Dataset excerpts
-.-.-

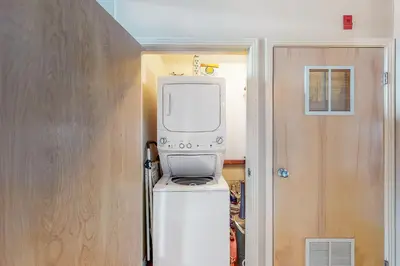 a television sitting on top of a refrigerator in a room at At the Crossroads in Frisco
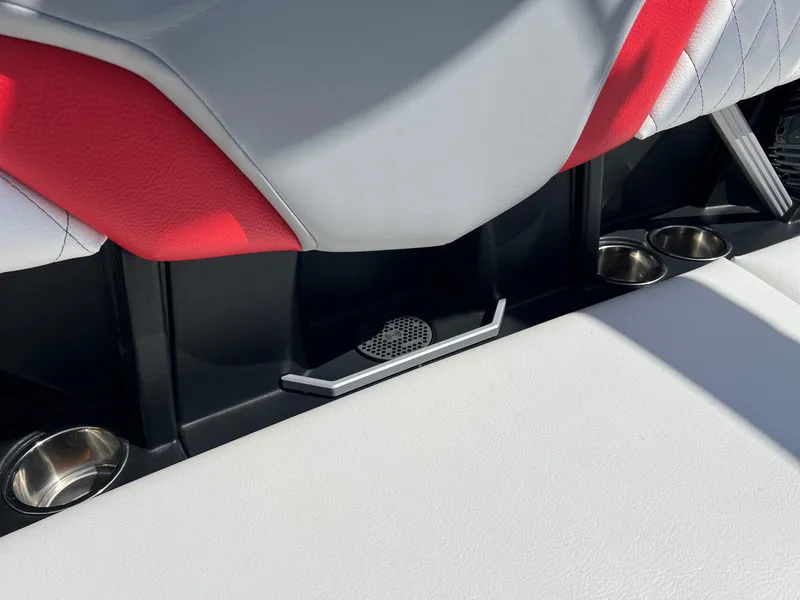Slide: The Image of 2024 Tigé Z3 boat interior with red and white upholstery, cup holders, and speaker. - 18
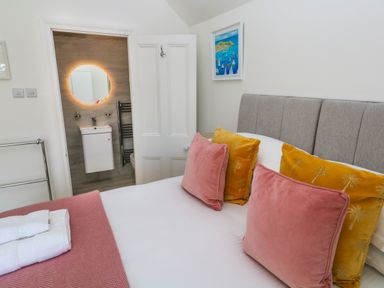 A bedroom with a bed with pink and yellow pillows and a bathroom with a round mirror at Hindon Hall in Lelant near Carbis Bay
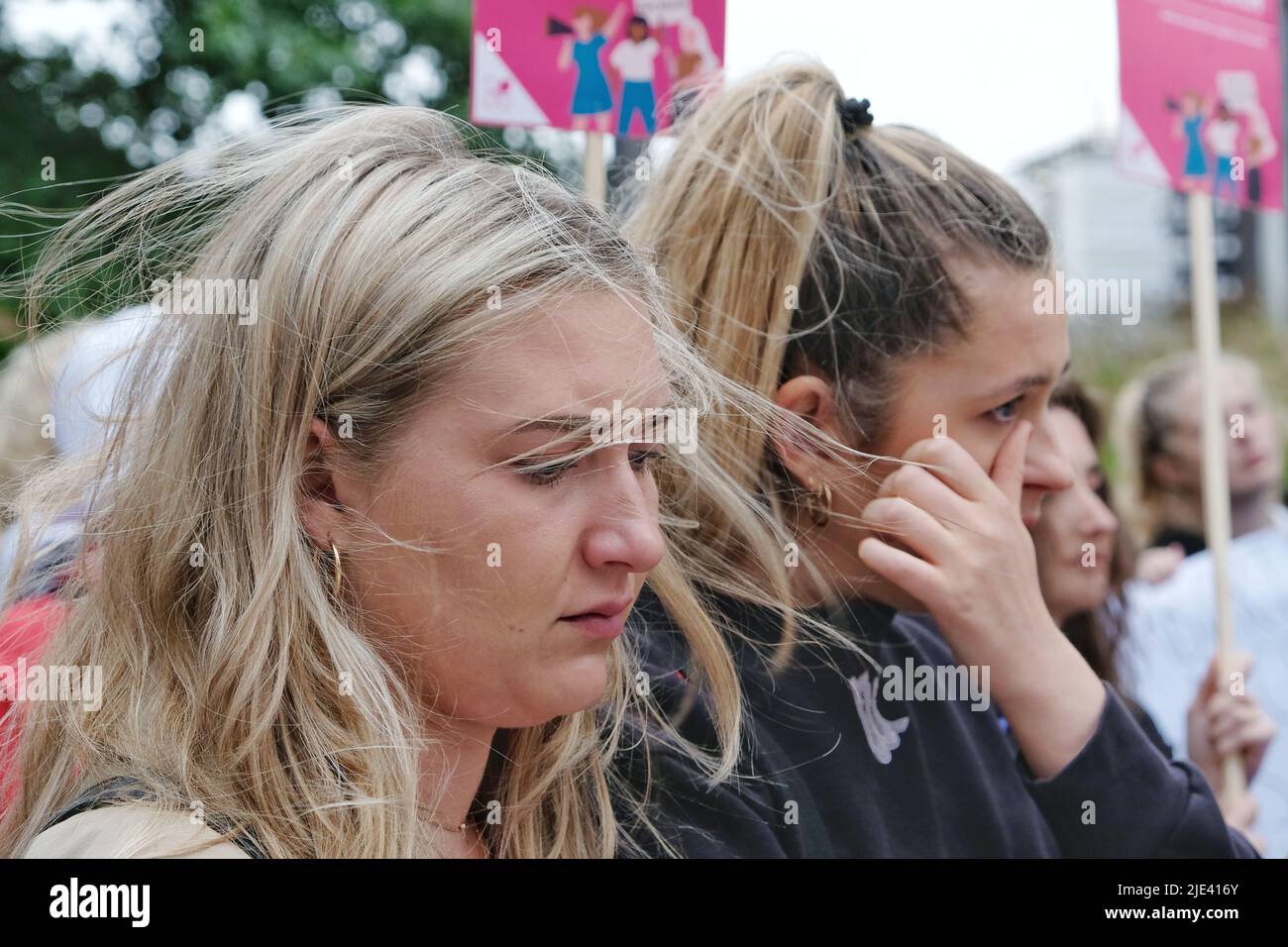 London, UK, 24th June, 2022. A woman sheds a tear as around 100-150 campaigners and supporters gathered to protest outside the American embassy in Vauxhall following the U.S. Supreme Court's decision to end the constitutional right to abortion - in place for almost 50 years following the 1973 Roe v Wade ruling.  Individual states will decide how to proceed, with thirteen automatically banning the medical procedure outright as trigger laws took effect. Credit: Eleventh Hour Photography/Alamy Live News Stock Photo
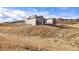 Breathtaking aerial view capturing a sprawling estate with luxurious homes and vast open fields at 5741 Doc Bar Circle, Larkspur, CO 80118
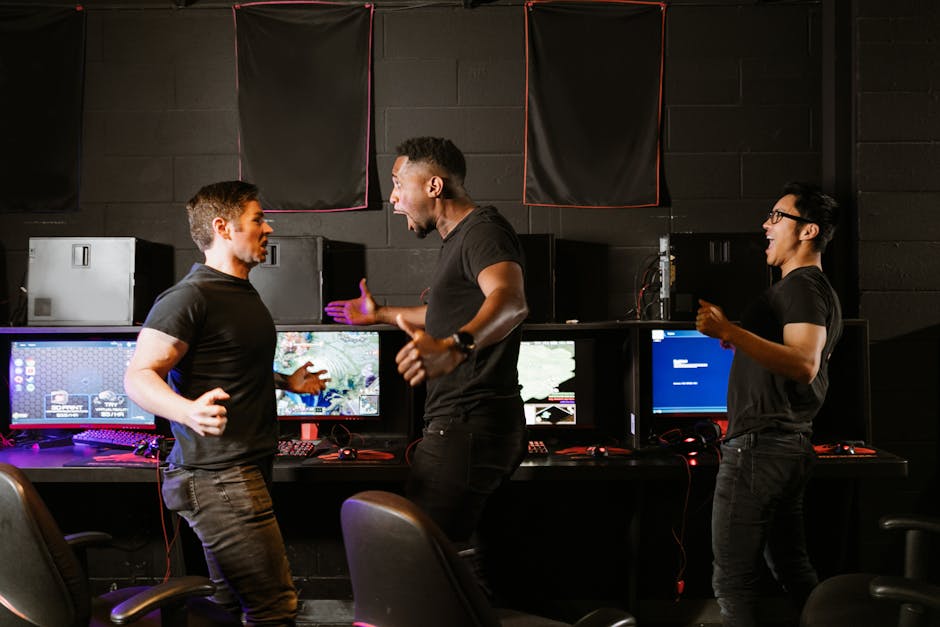 Enthusiastic group of diverse friends celebrating a gaming victory in an esports setting.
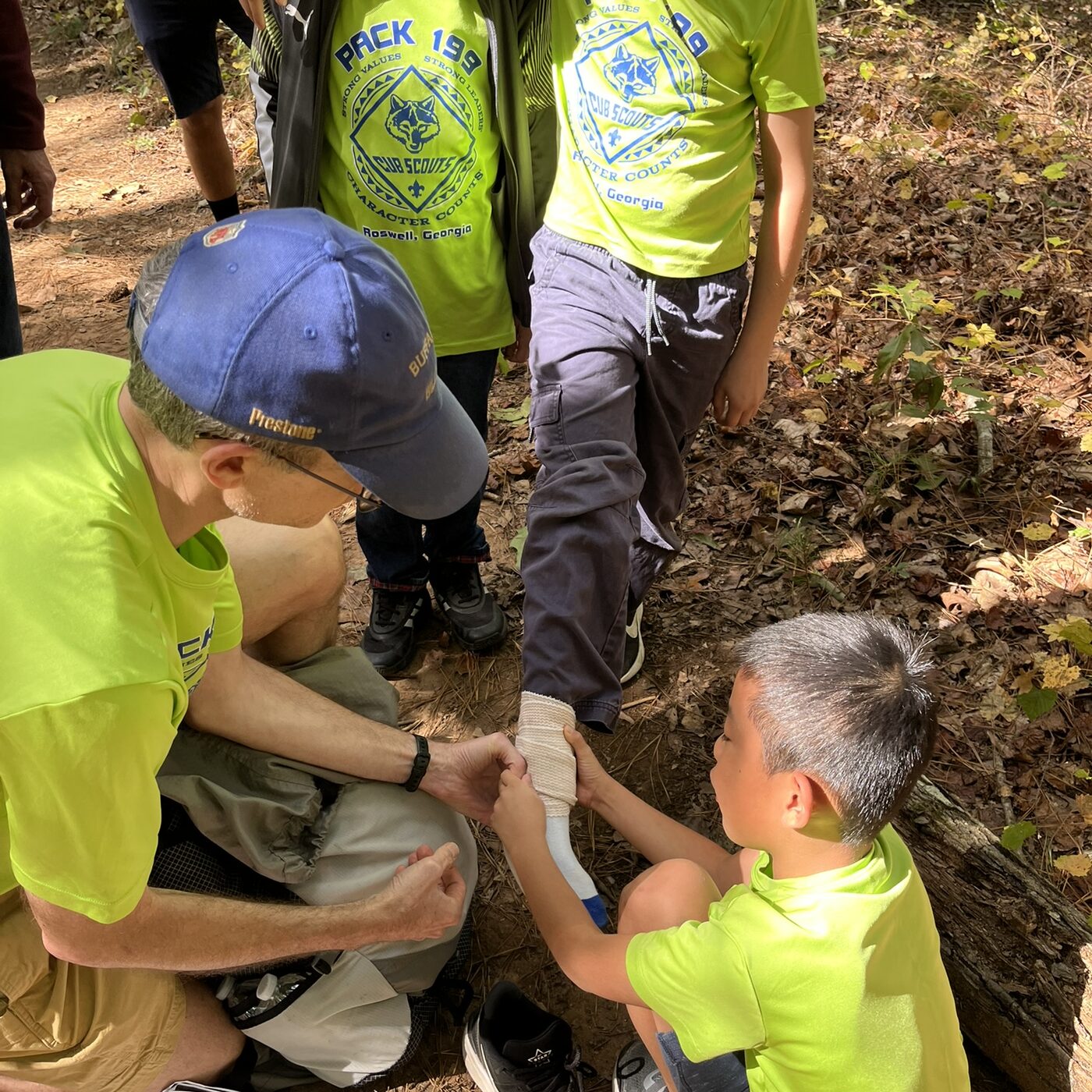 Pack 199 scouts practicing first-aid skills outdoors.
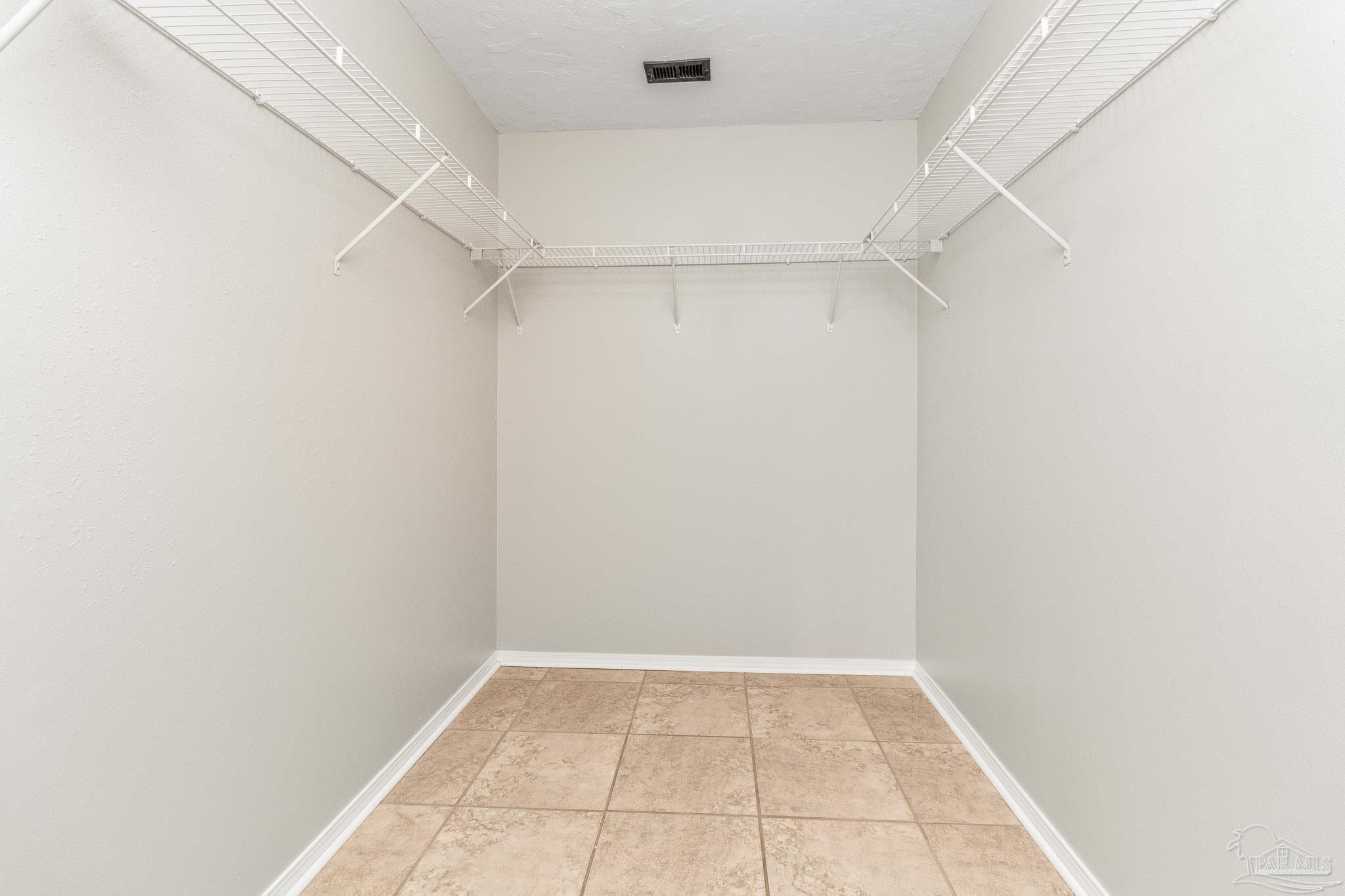 1655 Eagle Terrace Cantonment, FL 32533 - Photo 33 of 47 a view of a room with racks on the wall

-.-.-

Please retype all the entries word for word, omitting the pictures.

• [RESULT FOR THIS EXERCISE]:
 a television sitting on top of a refrigerator in a room at At the Crossroads in Frisco
Slide: The Image of 2024 Tigé Z3 boat interior with red and white upholstery, cup holders, and speaker. - 18
 A bedroom with a bed with pink and yellow pillows and a bathroom with a round mirror at Hindon Hall in Lelant near Carbis Bay
 London, UK, 24th June, 2022. A woman sheds a tear as around 100-150 campaigners and supporters gathered to protest outside the American embassy in Vauxhall following the U.S. Supreme Court's decision to end the constitutional right to abortion - in place for almost 50 years following the 1973 Roe v Wade ruling.  Individual states will decide how to proceed, with thirteen automatically banning the medical procedure outright as trigger laws took effect. Credit: Eleventh Hour Photography/Alamy Live News Stock Photo
 Breathtaking aerial view capturing a sprawling estate with luxurious homes and vast open fields at 5741 Doc Bar Circle, Larkspur, CO 80118
 Enthusiastic group of diverse friends celebrating a gaming victory in an esports setting.
 Pack 199 scouts practicing first-aid skills outdoors.
 1655 Eagle Terrace Cantonment, FL 32533 - Photo 33 of 47 a view of a room with racks on the wall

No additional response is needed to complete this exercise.